“Roots” Remake: Snoop Dogg Got It Right.

Quoting the Pointer Sisters song, “I'm so excited!” Black pop icon Snoop Dogg's comments about the remake of the “Roots” TV series, in essence, is what I have been preaching to fellow blacks for decades (without his profanity).

Snoop said, “I'm sick of this s---. They are going to just keep beating that s--- into our heads about how they did us, huh?” Snoop spoke against new shows and movies such as “12 Years a Slave” which “keep showing the abuse we took hundreds and hundreds of years ago.”

Snoop said, “I ain't watching that s---, and I advise you motherf—ers as real n------ like myself; f--- them television shows. Snoop continued, “Let's create our own s--- based on today, how we live and how we inspire people today. Black is what's real. F--- that old s---.”


I say, “Right-on bro! (in my 1970s lingo)” Folks, for decades, I have been frustrated; trying to get through to fellow blacks that continuing to view themselves as victims and using slavery as an excuse for bad and trifling behavior only weakens them. America is the greatest land of opportunity on the planet for all who choose to go for it. My reward has been to be trashed in black and liberal media; called a traitorous self-hating Uncle Tom.

I pray that the truth coming from a hip black celeb like Snoop Dogg will help to remove the scales from the eyes of black youths.

The last thing the Democratic Party wants is real black empowerment/independence. The Democratic Party's very existence is rooted in convincing as many voters as possible that they are forever victims of America in some way.

This is why when Oprah came out with her movie, Selma, I said I hoped the movie failed.

I knew her movie was propaganda to convince blacks that not much has changed in America since the 1950s and that only their continued monolithic voting for Democrats will keep eternally evil and racist white America at bay. Sure enough, in a press conference promoting Selma, Oprah ranted about how in America, blacks still suffer the injustices portrayed in her movie on a daily basis. Meanwhile, Oprah is an American Ga-zillionaire with enormous power and influence due to her millions of white fans.

Upon seeing commercials for the upcoming “Roots” remake TV series, my reaction was pretty much the same as Snoop Dogg, “I'm not watching that crap.” Like everything Leftists produce today, I know the “Roots” remake is a political tool to promote Democratic Party narratives: America sucks, government must become bigger and more controlling, blacks should be paid reparations. I also wondered how the producers would include the LGBT agenda in the remake. Would the Kunta Kinte character in the “Roots” remake be transgender?

As a young black man in 1977, I remember the original “Roots” TV series viewed by 130 million Americans. I was elated because I thought “Roots” presented slavery in a human context that decent people of all races could relate to; bringing people together. The first Rocky movie achieved the same universal humanity.
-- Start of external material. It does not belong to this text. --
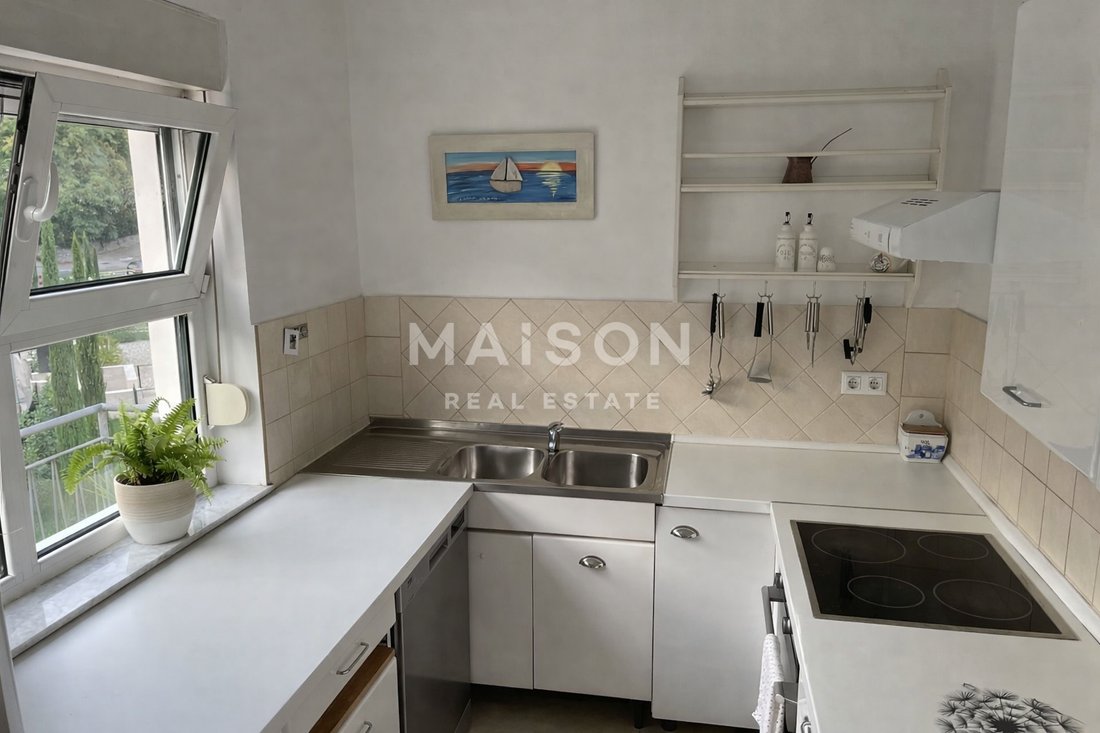 Apartment in Grad Opatija, Primorje-Gorski Kotar County, Croatia 3 - 17244135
It was such an eye-opener hearing my radical black power, whitey sucks, fellow black college student buddies excitedly raving about their new “Italian Stallion” hero after seeing the movie, Rocky.

In 1977, some feared the “Roots” TV series would cause riots in the streets. The American Left/Democrats of today are so divisive and so crazy with hatred for their country that they probably hope the remake of “Roots” will spark riots.

Riots in the streets would equal a crisis. The Left's golden rule is “never let a crisis go to waste”; an opportunity to implement more government control and infringements on personal freedom.

Things Democrats label a crisis (typically fake) provide Democrats with ammo to propose more government control; more government handouts, which equals more government dependency, which equals more loyal Democrat voters. It is all a scam, folks. And Democrats/Leftists have been playin' blacks for decades.

So, I agree with Snoop. Enough with the Left's relentless efforts to fill black heads with victimhoodism, constantly rehashing how America did us wrong.

I also refuse to watch the “Hate in America” TV mini-series. The series focuses solely on white racism against blacks. If the TV series seriously sought to address hate, it would include the Black Panthers and Black Lives Matter declaring open season on killing whites and cops.

Again, the TV mini-series is another Leftist tool to sell blacks the message that America is eternally racist so vote for Democrats to watch your backs.

I learned years ago, that the Left does not view Black History Month as an occasion to showcase black contributions to our country. The Left uses it to instill guilt in white Americans; instill that America still sucks and still owes blacks reparations, big time. With the Left's true purpose in mind, I renamed February, “Annual White America Sucks Month.”

When the movie, The Pursuit of Happyness starring leftist Will Smith came out, I thought, “Here we go again; another movie about how America sucks, is racist and blacks can't catch a break.” I am not going to watch that crap. Well folks, I was wrong. The movie was great. It featured the true inspiring life story of Chris Gardner, a highly successful black American entrepreneur.

Surprisingly, the movie even showed how white businessmen (typically portrayed as racist, greedy SOBs) helped Gardner to pursue his dream. I related to Gardner's story because throughout my careers, white businessmen helped me pursue my ambitions, as early as high school.

The movie, The Pursuit of Happyness was recently added to Netflix. Check it out. I think Snoop Dogg would approve.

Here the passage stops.